Ils sont au fond, une quarantaine de personnes sont assises face à la tribune présidentielle, au centre de laquelle trône le Prez’. Ce dernier me jette un regard interrogateur mais je m’en détourne : je cherche calmement, tout en avançant, une possibilité pour m’asseoir. Au dernier rang des spectateurs, j’observe deux conseillers municipaux de Montclar-Lauragais, une chaise est libre à côté d’eux, je m’y asseois. La séance démarre sur les chapeaux de roue. Ça va durer 35 minutes, pas une de plus.
Il faut désigner un secrétaire de séance. Alors je vais désigner M. ?, de St-Germier. Ça vous va ? Alors c’est bon. Et Pierre Izard passe au sujet principal de la séance : la création d’un service urbanisme. Je synthétise ici l’origine de cette proposition d’après ce que j’en ai compris : la loi Alur met fin au 1er juillet 2015 à la mise à disposition gratuite des services de l’État en matière d’Application du Droit des Sols (A.D.S.) à toutes communes compétentes dès lors qu’elles appartiennent à une communauté de 10 000 habitants et plus. La loi dit donc que pour instruire un permis de construire, si l’on veut bénéficier des services de l’État, il faudrait payer. Sauf que l’État n’est pas parti pour cette réforme-là, celle qui est inscrite dans la loi : il ne veut visiblement pas mettre en place un service payant, il veut cesser d’instruire, pour que les communautés de communes créent et gèrent elles-mêmes le service A.D.S. Le « désengagement » de l’État est ainsi massif. Il équivaut à un « déplacement » sur trois ans de 1 218 « équivalents temps plein » des DDT aux collectivités territoriales et leurs groupements(*). Cela signifie des économies de charges pour l’État et de nouveaux impôts locaux pour les particuliers bien entendus. Et surtout, cela instaure une relation monétarisée client-fournisseur entre la commune et sa communauté de communes, là où il y avait un service et des échanges gratuits avec l’État.

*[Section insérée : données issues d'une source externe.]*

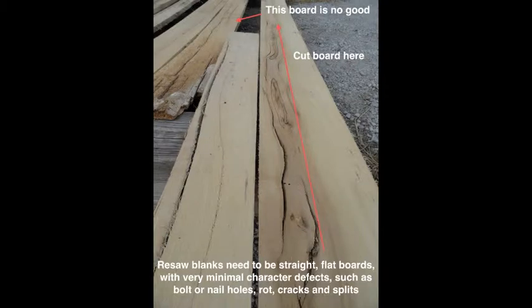Resaw blanks need to be straight, flat boards with very minimal character defects such as bolt or nail holes, rot, cracks, and splits.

Il y a trois types de communes pour nous :
celles concernées au 1er juillet 2015 : dix communes devraient payer les services puisque selon les textes, c’est la « fin de la mise à disposition gratuite » : Avignonet-Lauragais, Beauteville, Gardouch, Lux, Renneville, Saint-Vincent, Villefranche de Lauragais, Villenouvelle (+ 3 autres que je n’ai pas pu noté).

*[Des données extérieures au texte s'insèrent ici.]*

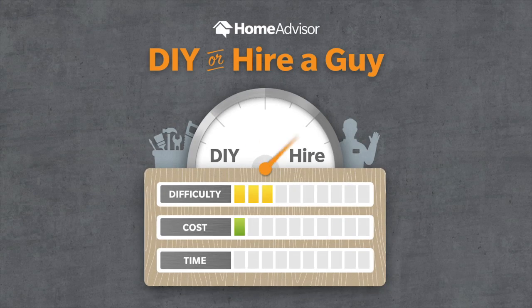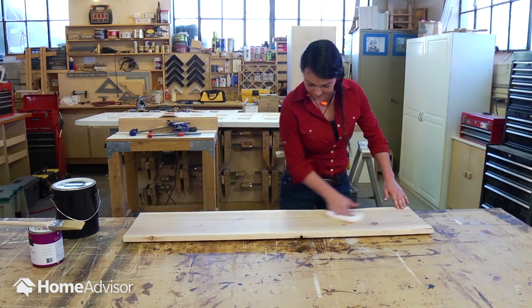This is how I'd rate this project on the DIY scale. And since painting is sometimes better left to the pros, I'm here to help you decide if you should DIY or hire a guy. You'll want to start by cleaning the wood with a rag.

Celles ayant un P.L.U. en cours d’instruction subiraient cette loi une fois leur P.L.U. Validé : Cessales, Lagarde, Montgaillard-Lauragais (et sûrement d’autres)
Celles n’ayant pas de P.L.U. tomberaient sous le joug de cette réforme au 1er janvier 2017 : Montclar-Lauragais, Saint-Germier, Saint-Rome, Mauremont, Rieumajou (et peut-être d’autres).
Alors Pierre Izard, en fidèle soldat du capitalisme débridé, propose de créer un service « urbanisme » à Cap Lauragais, pour rafler le marché qui s’ouvre à lui, en situation de monopole, et instaurer avec les communes des relations financières de fournitures de services d’instructions de permis de construire. Comme chaque fois pour installer un nouveau service avec de nouveaux impôts, Pierre Izard cherche à faire le plus vite possible, surtout ne pas réfléchir, ne pas remettre en cause ce qui tombe de l’État. Il s’agit de créer CE SOIR un groupe de communes qui voudront bien payer pour embaucher et entretenir du personnel à Cap Lauragais pour instruire les permis de construire.
Cap Lauragais ne facturerait pas aux particuliers, mais aux communes. Ces dernières ne pourraient pas faire appel à des sociétés privées. Ces deux affirmations du président sont à vérifier. Si c’est ainsi, on ne peut pas encore appeler cela une privatisation. Chaque chose en son temps. Mais par contre, on peut dire que l’esprit de la réforme est une privatisation. C’est l’esprit qui est d’abord contaminé par l’idée de la relation client-fournisseur, tout en exposant son contraire à tout le monde.
Avec les dix communes du premier groupe, qui se voient mettre le couteau sous la gorge avec la date du 1er juillet 2015, ils ont envie de commencer à embaucher un poste d’instructeur et un poste de secrétariat, à temps plein. Ils appellent cela « services mutualisés » pour faire plus « solidaires ». Pourtant, ne se mettraient en place que de simples relations marchandes entre clients – les communes – et fournisseurs – le service urbanisme de Cap Lauragais – où la solidarité s’exprime peu, on le sait.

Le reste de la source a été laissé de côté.